I did all the steps to train with 1 class but when I start training I get the error like in the screenshot.
I put batch = 64 and subdivision = 8 on the .cfg file and I do not have any bad.list file after running the command
./darknet detector train data/obj.data yolo-obj.cfg darknet53.conv.74
on the /darknet-master/build/darknet/x64 path.
Can anyone help me figure it out why this is happening?


Probably @AlexeyAB can give you some causes for that.
From my experience, the training process sometimes stops suddenly and it can be a problem specially during night when you are sleeping. To prevent losing hours of training due to a sudden error/stop I created a simple bash file:
#!/bin/bash
cd /home/...the location of your darknet executable
while :
do
./darknet detector train data/obj.data yolov3.cfg backup/yolov3_last.weights
done
This works very well for me since every 100 iterations the weights are saved as yolov3_last.weights. Basically, every time the training process is stopped, it's restarted again with the last saved weights
@lfares
How many CPU RAM do you have?
Do you use the latest version of Darknet?

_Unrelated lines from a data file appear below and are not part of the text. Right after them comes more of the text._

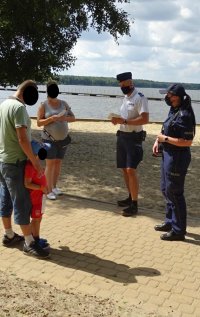 Policjanci rozmawiają z rodziną o bezpieczeństwie nad woda podczas spotkania profilaktycznego nad zalewem Paprocany.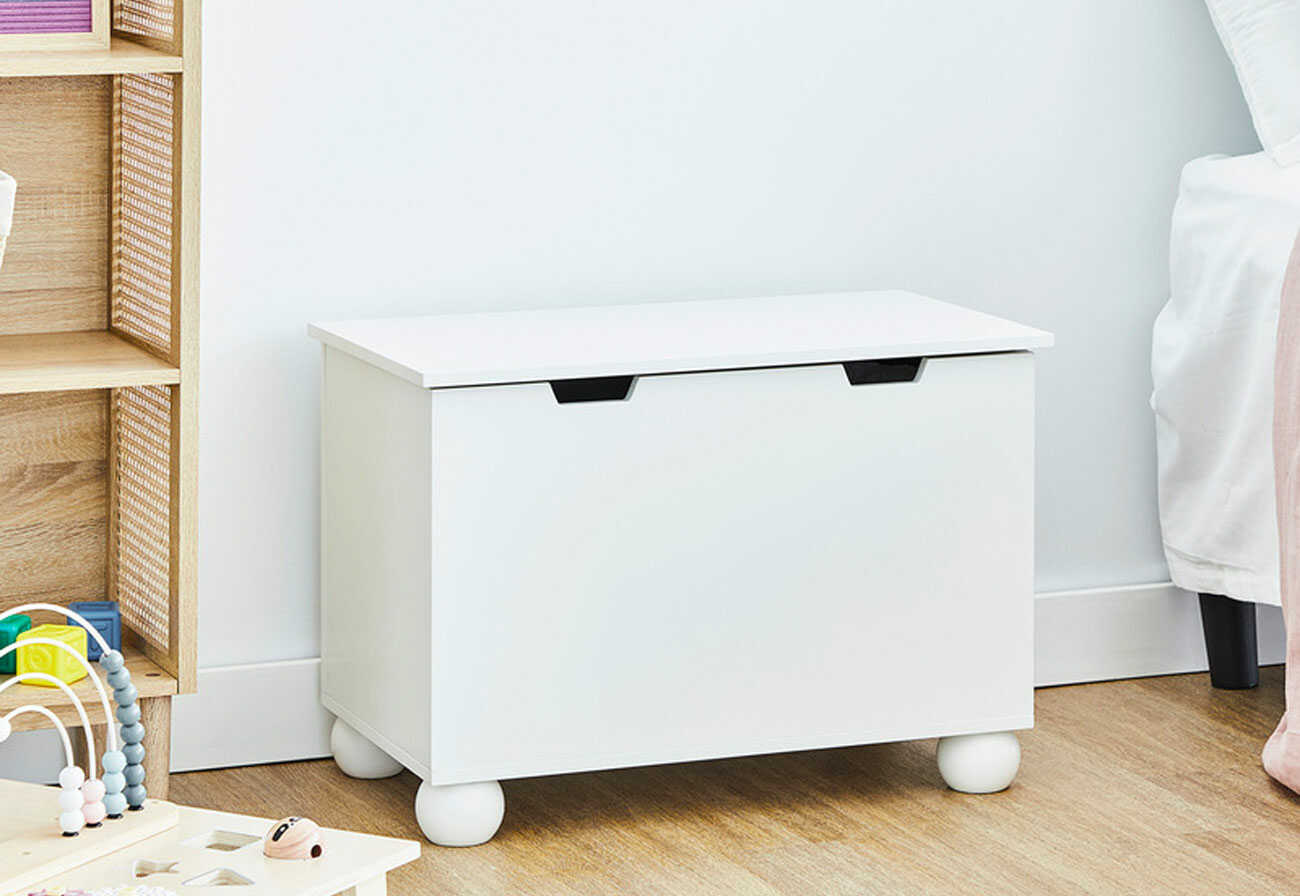 White wooden toy box in a kids' room.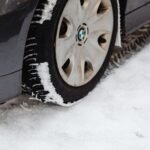 Close-up of a car's tire on a snowy road, highlighting the winter season conditions.
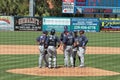 A meeting on the Mound as Seen from Behind the Backstop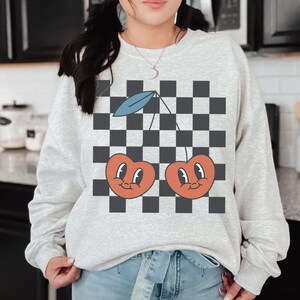 May include: A gray sweatshirt with a black and white checkered pattern and two red cherries with faces on it.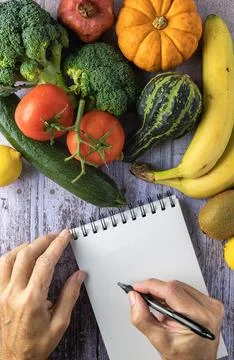 Fresh vegetables, two hands and a notepad, healthy food concept and new yea.. Foto stock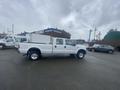 A white 2005 Ford F-350 SD pickup truck with a utility bed and dual rear wheels is parked on the lot with visible branding on the side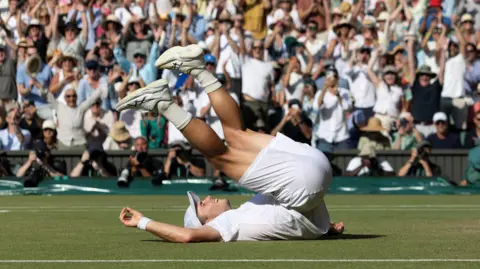 Arthur Fery falls on his back after beating Flavio Cobolli at Wimbledon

What parameters do you set in the Makefile?
I put batch = 64 and subdivision = 8 on the .cfg file
As I see from your screenshot that you use batch=32. Does the error occur for both batch=64 and 32?
Do you get this issue with batch=16 subdivisions=2 ?
On Nvidia Jetson Xavier. Changing the batch to 8 and subdivisions to 1 worked for running the training.
@kevinrev26 It looks like batch=8 is required for training due to low CPU RAM capacity on Jetson.
i was able to train, but the detection is not working properly. Is there a lower limit for the dataset images or something?
@kevinrev26 You must train at least 4000 iterations with batch=64. Or 32 000 iterations with batch=8. And you should use pre-trained weights-file for training.
Probably @AlexeyAB can give you some causes for that.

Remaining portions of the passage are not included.